Pensar la quietud, caer en la cuenta de que el tiempo interior, el de cada uno, desmiente el curso fugaz del mundo. Al reflexionar sobre este sentimiento, al tratar de describir esta percepción, no puedo dejar de pensar en la Carta de Lord Chandos, que Hugo von Hofmannsthal publicó en 1902. A propósito de este escrito, Claudio Magris señalaba hace unos años que sus páginas encierran “el desfallecimiento de la palabra y del naufragio del yo en el fluir convulsionado e indistinto de las cosas”. En cualquier caso, intuyo, un naufragio que deja a salvo.

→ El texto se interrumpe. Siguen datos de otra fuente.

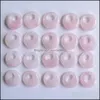 Charms 18Mm Natural Stone Crystals Gogo Donut Charms Rose Quartz Pendants Beads For Jewelry Making Wholesale Drop Delive Dhseller2010 Dhxak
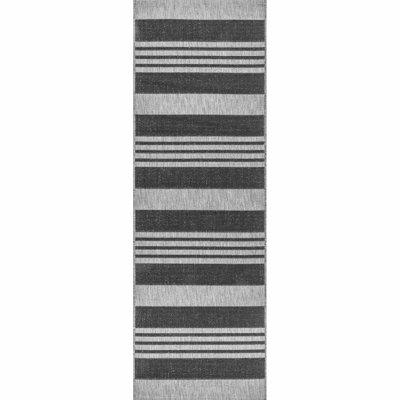 Hawkes Striped Beige/Gray Indoor/Outdoor Rug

Nunca me he sentido tan cerca de un personaje literario como de aquel Lord que lo abandona todo, penetrado por la insospechada revelación que la realidad le ofrece. Las cosas, cualquier objeto, un rastrillo, un jarrón, el color rojizo del atardecer, un pájaro que lo cruza, los tablones de madera que suenan al pasar por el puente, son capaces de situarnos en un silencio tan poderoso, que lleva a desmentir el absolutismo de una mente moderna que se ha construido para alzarse en hegemónica. No sé cuántas veces, desde muy joven, habré leído esas palabras de Hofmannsthal, que expresan el orden de un universo que apenas presentimos y que, sin embargo, nos preside.
Borrar la distancia que nos separa de las cosas, no jerarquizar el espacio que nos es propio, quiero decir, no separarse del flujo que envuelve en un mismo curso el árbol, la nieve que se estrecha en un vallado, el perro que dormita, el correo recibido y la taza que dejamos sobre la mesa, es renunciar a vivir fragmentado. Porque existir así, asumido como fruto de la división, segmentado según la ley de la razón, es haber caído en el engaño, ese que nos persuade de que imperamos sobre algo.
La subjetividad se ha adueñado de todo aquello que está ante los ojos. Vivimos como propietarios, sin caer en la cuenta de que somos un préstamo
Cuando en nuestros días el filósofo Graham Harman refiere que nos hemos apropiado de cuanto nos circunda, que hemos franqueado el territorio de cada ser, de cada cosa, está diciendo que la subjetividad se ha adueñado de todo aquello que está ante los ojos. Vivimos como propietarios, sin caer en la cuenta de que somos un préstamo. Porque los objetos tienen su reminiscencia, pues lo que ha sido creado procede de un tiempo y de unas manos.
Las botas campesinas que pintó Vincent van Gogh, sobre las cuales escribió Martin Heidegger en El origen de la obra de arte, evocan los inviernos pasados, su trajinar por los surcos recién abiertos, llevan consigo la humedad de las lluvias de primavera, el terrón de la tierra de nuestros padres que se ha incrustado en la suela, el peso de un cuerpo que se gana el jornal.
Ciertamente, no atender lo que nos dice la más inmediata realidad, no advertirlo, es desentenderse de lo que se nos ofrece. Haberse acostumbrado a lo desechable, a las cosas como si fueran comparsas de nuestro paso, mercancía de la nada, subestimar lo que está al alcance, es menospreciar lo que nosotros mismos hemos elaborado. La insaciabilidad, el deseo de acopio, procede de este dominio que lleva a ver el afuera, lo inmediato, como accesorio y materia sometida.
No estoy seguro de ese “desfallecimiento de la palabra” que sugiere Magris en Lord Chandos, pero sí de su impresión en virtud de la cual la mirada del protagonista es testimonio de una epifanía continua, de un nacimiento que nos sitúa de frente, no de espaldas. Lo que nos rodea, nos concierne. Aquello que puede parecernos menor tiene un lugar en ese cosmos que va creándose en cada giro de la tierra, en esa rotación que deja un poso en la pequeña historia que somos, enlazados día a día a cuanto nos acompaña.